**Information supplied:**
.....

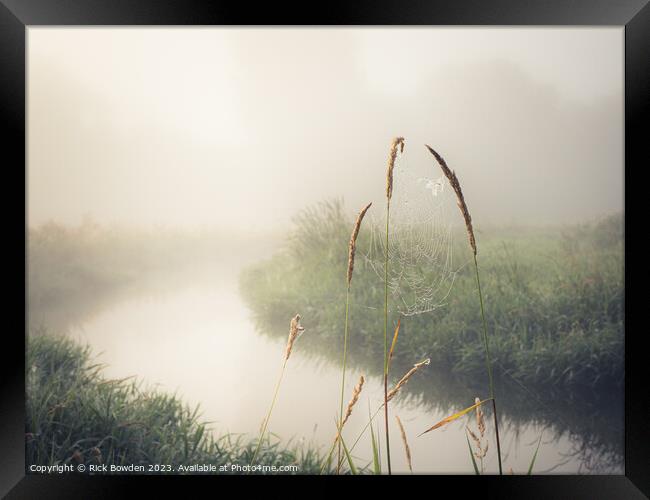 Spider by the Riverside Framed Print by Rick Bowden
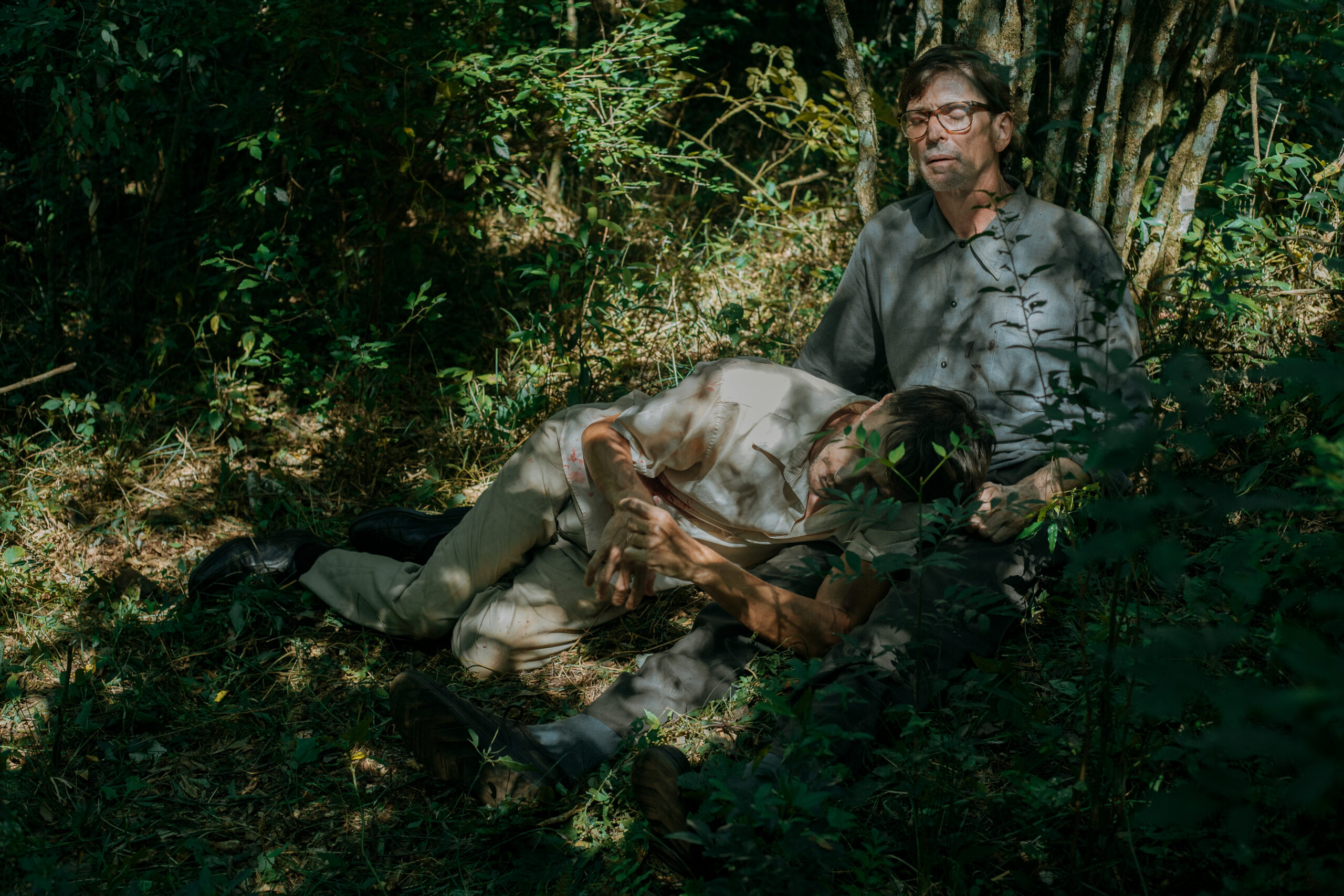 “Araucario”: memoria, cine y resistencia en la pantalla misionera imagen-8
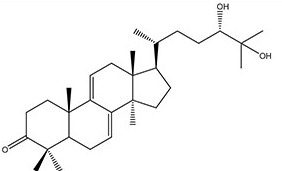 graphic file with name oncotarget-08-13770-i002.jpg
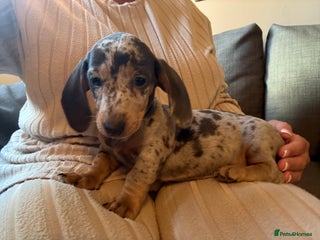 Miniature Dachshund dogs Miniature dachshund puppies for sale - Advert 7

.....

**Your task:**
Line for line, restate the data above and omit every picture.

**Solution to this task:**
 Spider by the Riverside Framed Print by Rick Bowden
 “Araucario”: memoria, cine y resistencia en la pantalla misionera imagen-8
 graphic file with name oncotarget-08-13770-i002.jpg
 Miniature Dachshund dogs Miniature dachshund puppies for sale - Advert 7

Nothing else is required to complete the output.